Generasi Kreatif Melalui Korean Wave, Bisakah?

Sri Astuti Am.Keb (Aktivis Muslimah Peduli Generasi)

TEGAS.CO., NUSANTARA – Di tengah berbagai pengaruh budaya asing yang masuk ke negeri semakin tidak bisa dihentikan, muncul satu pernyataan dari Wakil Presiden Ma’ruf Amin terkait gelombang Korea.

“Maraknya budaya K-pop diharapkan juga dapat menginspirasi munculnya kreativitas anak muda Indonesia dalam berkreasi dan mengenalkan keragaman budaya Indonesia ke luar negeri.” Kata Ma’ruf amin dalam keterangannya untuk peringatan 100 tahun kedatangan orang Korea di Indonesia. (tirto.id,20/9/2020)

Iklan ARS

Hal itu, dimaksudkan agar budaya dan pariwisata Indonesia bisa dikenal ke negara Korea. Dengan begitu akan memunculkan generasi muda yang penuh kreativitas dalam memajukan budaya dan negaranya.

Dilansir dari detikcom, 20/9/2020. Pernyataan Ma’aruf Amin dikritisi oleh politikus dari Partai Gerindra Ahmad Dhani. Wapres memang tidak paham benar soal industri musik. Harusnya sebelum memberikan statement, hendaknya Ma’ruf Amin berdiskusi dulu dengannya sebagai orang yang sangat paham industri musik.

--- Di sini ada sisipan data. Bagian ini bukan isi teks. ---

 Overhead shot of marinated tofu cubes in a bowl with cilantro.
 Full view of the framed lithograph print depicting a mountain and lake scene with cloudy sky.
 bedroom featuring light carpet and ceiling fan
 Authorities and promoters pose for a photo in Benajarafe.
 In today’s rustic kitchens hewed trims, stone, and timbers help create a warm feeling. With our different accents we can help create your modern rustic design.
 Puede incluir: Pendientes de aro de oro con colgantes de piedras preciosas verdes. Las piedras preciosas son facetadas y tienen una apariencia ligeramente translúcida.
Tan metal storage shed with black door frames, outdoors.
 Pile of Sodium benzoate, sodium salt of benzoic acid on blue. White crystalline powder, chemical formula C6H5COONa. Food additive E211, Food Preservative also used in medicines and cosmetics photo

Sejak masuknya budaya Korea melalui film-film dan musiknya ke Indonesia hingga saat ini, justru semakin menenggelamkan budaya asli bangsa Indonesia. Semua bisa terlihat dari sisi makanan, pakaian, dan hiburan berhasil didominasi yang bernuansa asing khususnya Korea.

Bahkan, tingkat kasus bunuh diri di negeri yang terkenal dengan ginsengnya menduduki 10 besar negara dengan jumlah kasus bunuh diri tertinggi di dunia. (CNBC Indonesia, 25/9/2019).

Setidaknya ada beberapa hal yang harus diperhatikan dalam menerima budaya asing. Pertama, bersikap kritis dan teliti terhadap budaya asing yang masuk. Kedua, memperluas Ilmu Pengetahuan (IPTEK). Ketiga, harus sesuai dengan norma-norma di Indonesia. Keempat, tanamkan keiman dan ketakwaan.

Namun, kondisi generasi bangsa yang kini telah teracuni oleh liberalisasi budaya menjauhkan jati diri bangsa Indonesia yang memiliki beragam budaya, adat istiadat, dll. Oleh sebab itu, sistem kapitalisme-liberalisme segera ditinggalkan.

Negara sebagai penyaring utama masuknya budaya asing, harus memiliki kebijakan yang jelas dan tegas agar tetap mempertahankan budaya asli Bangsa Indonesia yang tertuang dalam Pancasila, terutama pasal 1 yaitu berketuhanan yang maha esa.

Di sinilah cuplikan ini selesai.